Collection entries
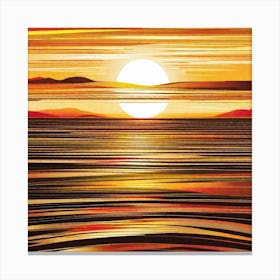 Sunset Over The Ocean 28 Canvas Print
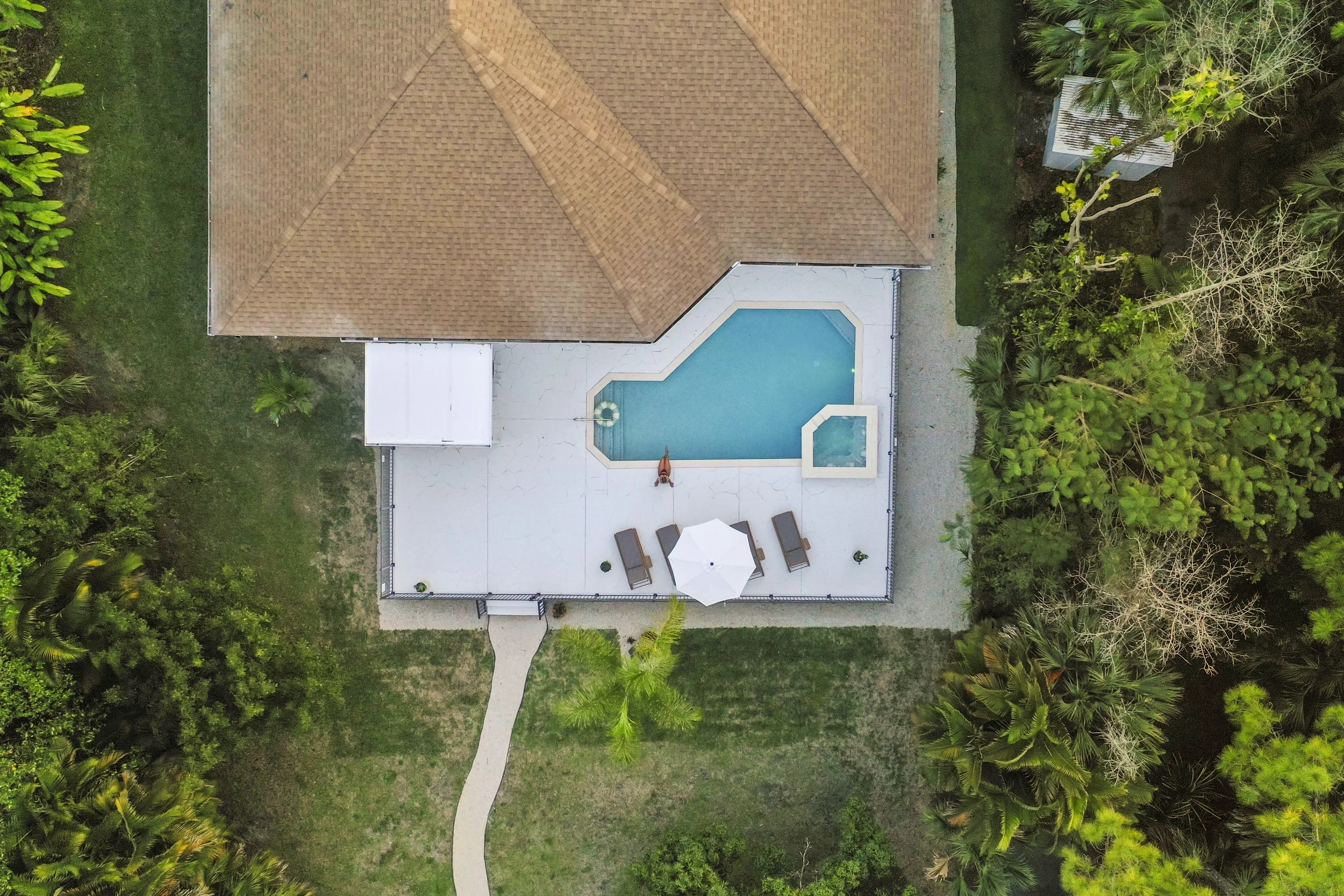 An aerial view of a house with a brown shingle roof, a swimming pool in the backyard, surrounded by trees and greenery, with a white patio area and lounge chairs.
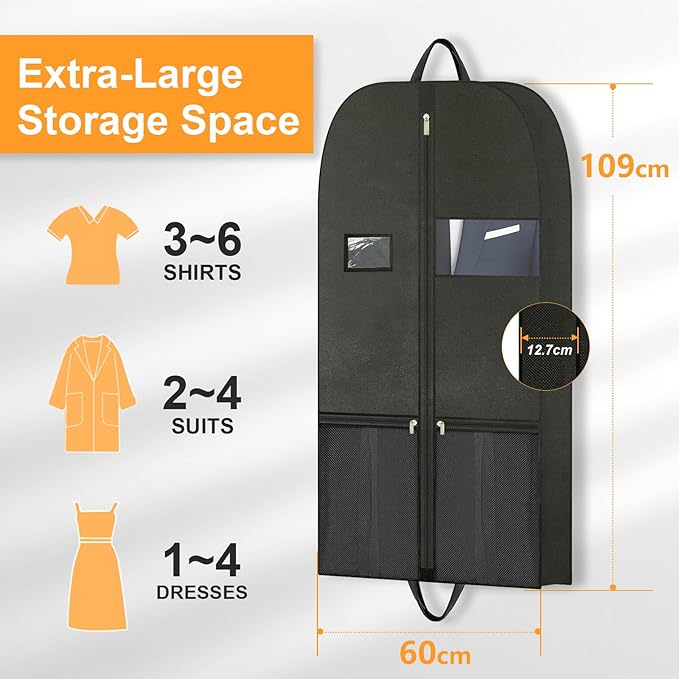 Travel Garment Suit Bag for Hanging Clothes, Suit bags for Closet Storage with Pockets Gusseted Garment bag for Men Suits Shirts Tuxedos Dresses, Suit Cover Bags With Handles and Zipper 43" 2 pack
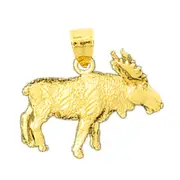 14K Gold 3-D Moose Pendant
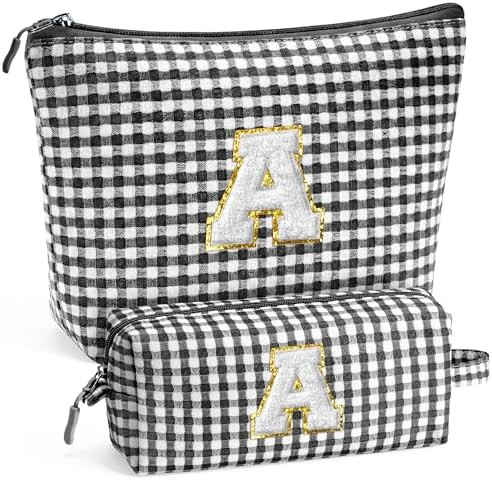 YOOLIFE Initial Makeup Bag Travel Toiletry Bag Birthday Gifts for Girls Monogrammed Gifts for Gir... | Amazon (US)
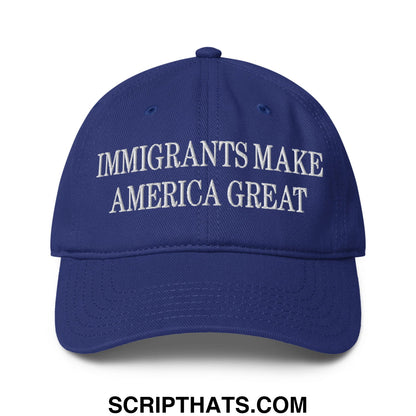 Immigrants Make America Great Embroidered Low Profile Dad Hat Royal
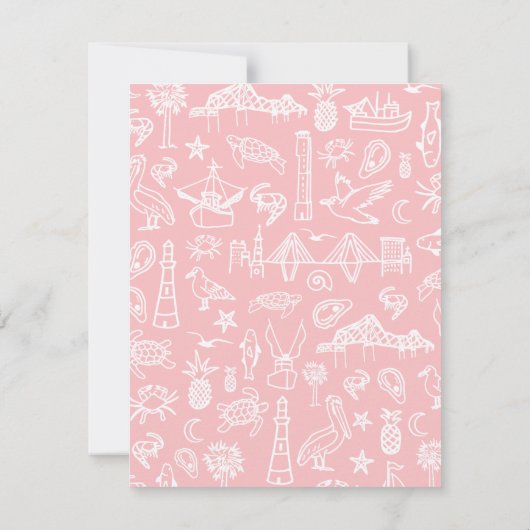 Charleston Toile in Roze Huwelijksreactie Kaart (Achterkant)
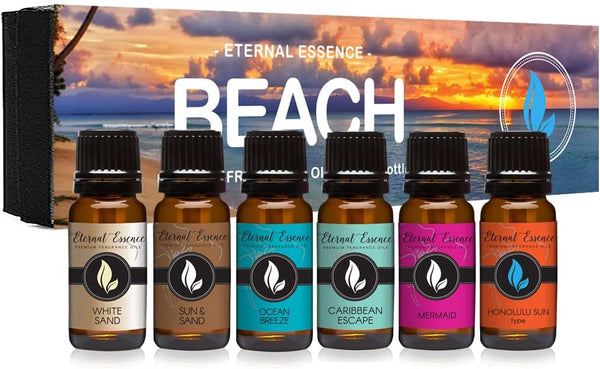 Beach Gift Set of 6 Premium Fragrance Oils - White Sand, Ocean Breeze, Honolulu Sun, Mermaid, Caribbean Escape, Sun &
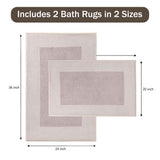 Troy Solid Non-Slip Machine Washable Bath Rug Set
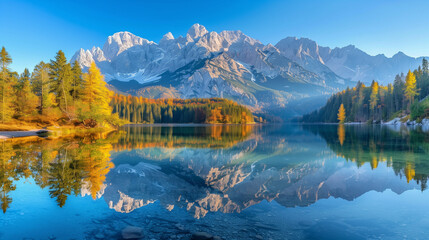 Obraz premium Serene lake with mountains in background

▶ _What you need to do_: Write out the data word for word, with every picture dropped.

▶ _Written solution_:
 Sunset Over The Ocean 28 Canvas Print
 An aerial view of a house with a brown shingle roof, a swimming pool in the backyard, surrounded by trees and greenery, with a white patio area and lounge chairs.
 Travel Garment Suit Bag for Hanging Clothes, Suit bags for Closet Storage with Pockets Gusseted Garment bag for Men Suits Shirts Tuxedos Dresses, Suit Cover Bags With Handles and Zipper 43" 2 pack
 14K Gold 3-D Moose Pendant
 YOOLIFE Initial Makeup Bag Travel Toiletry Bag Birthday Gifts for Girls Monogrammed Gifts for Gir... | Amazon (US)
 Immigrants Make America Great Embroidered Low Profile Dad Hat Royal
 Charleston Toile in Roze Huwelijksreactie Kaart (Achterkant)
 Beach Gift Set of 6 Premium Fragrance Oils - White Sand, Ocean Breeze, Honolulu Sun, Mermaid, Caribbean Escape, Sun &
 Troy Solid Non-Slip Machine Washable Bath Rug Set
 Obraz premium Serene lake with mountains in background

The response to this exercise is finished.